Since its launch in September last year, Swedish e-scooter start-up Voi has raised $135m.
One of the e-scooter companies looking to enter the Irish market, should the Government give them the legal green light, has just received significant financial backing. Operated from Sweden, newcomer Voi has raised $85m in Series B funding.
This takes the company’s total fundraising to $135m since it launched in September of last year, and it now has 4m users in 38 cities across Europe. The round was led by Vostok New Ventures with participation from Balderton Capital, Creandum, Project A, JME Ventures, Raine Ventures, Kreos Capital, Inbox Capital, Rider Global and Black Ice Capital, among others.
The start-up said it plans to use the funding for greater R&D investment in its own technology platform and future vehicles including both e-scooters and e-bikes. It will also accelerate its expansion to “further monetise and strengthen its business operations”.
“There’s been a huge demand for Voi’s e-scooters from residents across Europe in the last 12 months, but making a landmark change to transport in Europe takes more than simply flooding cities with thousands of scooters,” said Fredrik Hjelm, CEO and co-founder of Voi.

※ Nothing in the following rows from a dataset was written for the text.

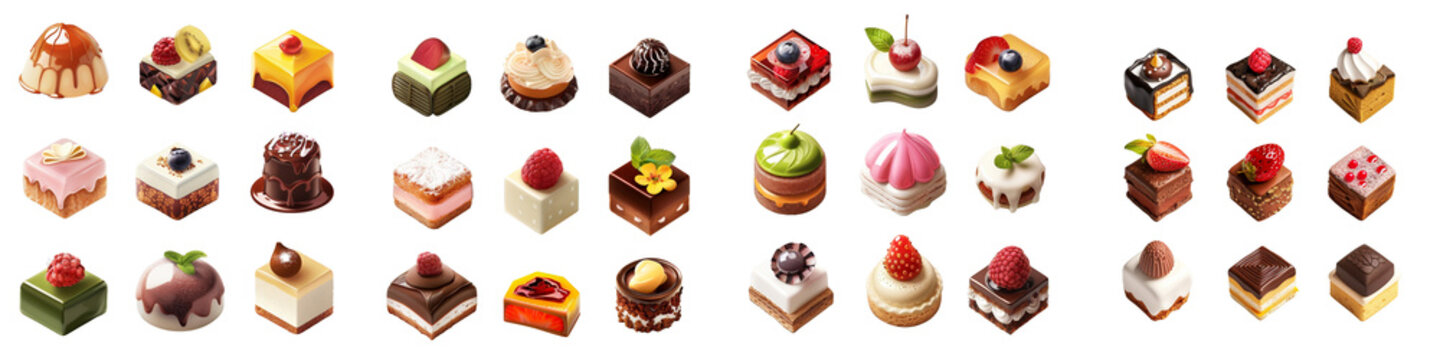 Petit Four clipart collection, symbol, logos, icons isolated on transparent background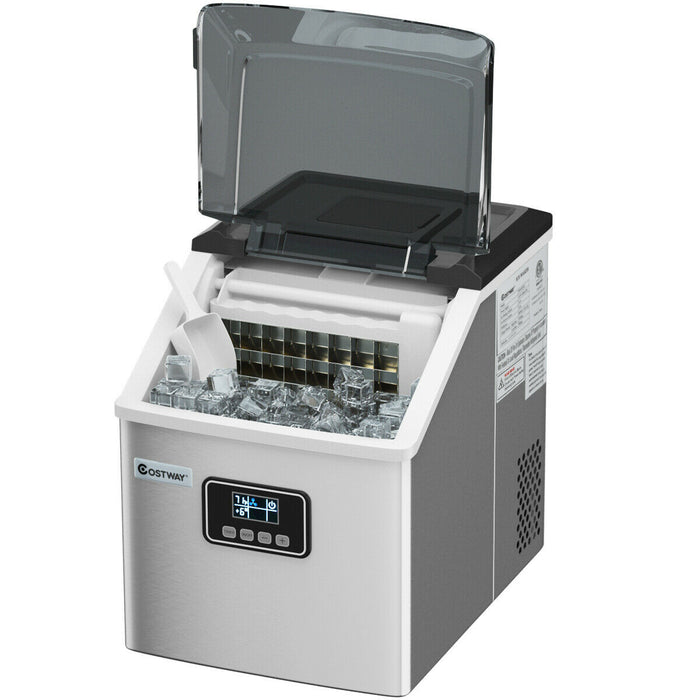 48 lbs Stainless Self-Clean Ice Maker with LCD Display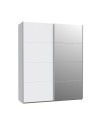 Armadio Elio 2 ante scorrevoli bianco con anta a specchio 170x61x210.5H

“We are developing a long-term business that gives people a new way of moving around cities that’s clean, fast, convenient and also fun. We have seen the strongest unit economics of all of our peers and will continue to optimise and invest in that.”
Changing regulation in Europe
Per Brilioth, CEO of Vostock New Ventures, added: “Voi is only at the start of developing micro-mobility based on Swedish values right across Europe.
“In Germany, in particular, there is a huge market to go for. We are excited that this additional funding will enable the company to introduce a new generation of e-scooters that are clean, good-looking and safe, enabling people to get around the cities they love quickly and easily.”
While proposals are underway in Ireland in terms of what the legalisation of e-scooters might look like, in countries across Europe where they are already legal, new laws are being written in response to the surge in e-scooter sharing companies.
In Paris, the city’s mayor, Anne Hidalgo, is introducing a new speed limit of 25kph for e-scooters and restricting use to cycle lanes starting in January next year. The city will also limit the number of companies providing the vehicles to three with a combined fleet of 15,000.
A spokesperson for Voi gave an update to Siliconrepublic.com about its efforts to break into the Irish market.
“Voi has been sharing insights on our operations with Irish transport officials and talking to them about how e-scooter regulation in Ireland might work. We will continue to talk to the [Department of Transport, Tourism and Sport] and we look forward to launching operations in Ireland once regulation is in place.”